+++ Supplied records

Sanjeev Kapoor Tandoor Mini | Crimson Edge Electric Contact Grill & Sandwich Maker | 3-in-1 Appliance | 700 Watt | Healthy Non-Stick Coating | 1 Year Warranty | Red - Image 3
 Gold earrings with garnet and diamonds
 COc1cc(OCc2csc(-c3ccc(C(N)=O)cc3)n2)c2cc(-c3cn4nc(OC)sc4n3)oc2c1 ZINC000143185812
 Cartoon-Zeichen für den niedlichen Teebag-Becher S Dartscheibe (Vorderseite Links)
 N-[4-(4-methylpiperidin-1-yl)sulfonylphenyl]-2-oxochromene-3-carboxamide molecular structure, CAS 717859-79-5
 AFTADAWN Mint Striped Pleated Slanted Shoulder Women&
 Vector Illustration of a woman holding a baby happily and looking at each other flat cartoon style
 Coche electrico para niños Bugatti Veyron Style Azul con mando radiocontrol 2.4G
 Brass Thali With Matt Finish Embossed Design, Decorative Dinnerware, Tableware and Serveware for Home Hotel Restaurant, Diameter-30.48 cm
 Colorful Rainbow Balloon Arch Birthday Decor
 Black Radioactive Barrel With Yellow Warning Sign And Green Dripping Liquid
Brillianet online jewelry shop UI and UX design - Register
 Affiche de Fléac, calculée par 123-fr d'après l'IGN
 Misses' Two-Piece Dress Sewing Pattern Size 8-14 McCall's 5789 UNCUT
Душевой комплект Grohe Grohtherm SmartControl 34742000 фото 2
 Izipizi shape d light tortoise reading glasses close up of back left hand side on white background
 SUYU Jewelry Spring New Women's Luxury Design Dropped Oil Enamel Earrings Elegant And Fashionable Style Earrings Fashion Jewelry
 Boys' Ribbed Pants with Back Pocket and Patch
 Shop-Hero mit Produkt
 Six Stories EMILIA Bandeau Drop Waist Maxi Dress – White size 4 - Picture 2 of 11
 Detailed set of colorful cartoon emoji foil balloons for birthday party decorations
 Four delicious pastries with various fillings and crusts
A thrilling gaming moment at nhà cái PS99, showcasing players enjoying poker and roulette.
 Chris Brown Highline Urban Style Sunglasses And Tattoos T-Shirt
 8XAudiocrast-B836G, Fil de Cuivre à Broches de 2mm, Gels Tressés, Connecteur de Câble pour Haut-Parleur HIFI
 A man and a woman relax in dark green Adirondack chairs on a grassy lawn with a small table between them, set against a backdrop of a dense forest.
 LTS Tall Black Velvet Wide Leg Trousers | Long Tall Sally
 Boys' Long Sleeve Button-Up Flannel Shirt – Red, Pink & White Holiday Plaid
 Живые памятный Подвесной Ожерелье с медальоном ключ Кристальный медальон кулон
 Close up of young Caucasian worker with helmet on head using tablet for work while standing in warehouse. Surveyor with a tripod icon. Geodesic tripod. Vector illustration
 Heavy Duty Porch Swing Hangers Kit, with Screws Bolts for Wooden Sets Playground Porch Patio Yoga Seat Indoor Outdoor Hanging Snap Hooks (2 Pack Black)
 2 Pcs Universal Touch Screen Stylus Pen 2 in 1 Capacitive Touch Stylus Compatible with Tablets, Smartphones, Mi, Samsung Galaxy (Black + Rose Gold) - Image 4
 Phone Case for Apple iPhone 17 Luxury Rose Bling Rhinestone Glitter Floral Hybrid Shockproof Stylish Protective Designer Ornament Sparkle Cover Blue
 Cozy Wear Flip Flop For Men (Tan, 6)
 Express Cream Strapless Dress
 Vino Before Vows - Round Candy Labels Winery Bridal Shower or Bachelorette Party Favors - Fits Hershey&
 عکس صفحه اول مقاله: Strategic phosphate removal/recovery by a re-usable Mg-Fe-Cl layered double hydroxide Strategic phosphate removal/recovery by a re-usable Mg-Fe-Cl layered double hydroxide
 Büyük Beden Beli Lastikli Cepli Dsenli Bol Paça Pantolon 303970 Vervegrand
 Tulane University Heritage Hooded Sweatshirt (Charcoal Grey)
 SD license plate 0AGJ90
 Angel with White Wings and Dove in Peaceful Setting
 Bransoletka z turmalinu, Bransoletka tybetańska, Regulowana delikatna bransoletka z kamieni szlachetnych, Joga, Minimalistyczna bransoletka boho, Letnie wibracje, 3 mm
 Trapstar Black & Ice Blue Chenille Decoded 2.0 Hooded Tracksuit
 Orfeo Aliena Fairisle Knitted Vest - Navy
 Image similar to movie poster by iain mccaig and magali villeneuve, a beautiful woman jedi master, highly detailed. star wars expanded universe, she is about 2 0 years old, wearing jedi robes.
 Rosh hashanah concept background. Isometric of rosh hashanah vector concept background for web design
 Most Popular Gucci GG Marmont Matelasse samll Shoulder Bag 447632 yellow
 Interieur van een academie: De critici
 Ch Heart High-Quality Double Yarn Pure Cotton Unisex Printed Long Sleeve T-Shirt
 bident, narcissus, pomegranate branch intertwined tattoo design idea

++++++

Work instruction ::
Send back exactly the lines from the line with "Cozy Wear Flip Flop For Men (Tan, 6)" through the end of the records.

Output ::
 Cozy Wear Flip Flop For Men (Tan, 6)
 Express Cream Strapless Dress
 Vino Before Vows - Round Candy Labels Winery Bridal Shower or Bachelorette Party Favors - Fits Hershey&
 عکس صفحه اول مقاله: Strategic phosphate removal/recovery by a re-usable Mg-Fe-Cl layered double hydroxide Strategic phosphate removal/recovery by a re-usable Mg-Fe-Cl layered double hydroxide
 Büyük Beden Beli Lastikli Cepli Dsenli Bol Paça Pantolon 303970 Vervegrand
 Tulane University Heritage Hooded Sweatshirt (Charcoal Grey)
 SD license plate 0AGJ90
 Angel with White Wings and Dove in Peaceful Setting
 Bransoletka z turmalinu, Bransoletka tybetańska, Regulowana delikatna bransoletka z kamieni szlachetnych, Joga, Minimalistyczna bransoletka boho, Letnie wibracje, 3 mm
 Trapstar Black & Ice Blue Chenille Decoded 2.0 Hooded Tracksuit
 Orfeo Aliena Fairisle Knitted Vest - Navy
 Image similar to movie poster by iain mccaig and magali villeneuve, a beautiful woman jedi master, highly detailed. star wars expanded universe, she is about 2 0 years old, wearing jedi robes.
 Rosh hashanah concept background. Isometric of rosh hashanah vector concept background for web design
 Most Popular Gucci GG Marmont Matelasse samll Shoulder Bag 447632 yellow
 Interieur van een academie: De critici
 Ch Heart High-Quality Double Yarn Pure Cotton Unisex Printed Long Sleeve T-Shirt
 bident, narcissus, pomegranate branch intertwined tattoo design idea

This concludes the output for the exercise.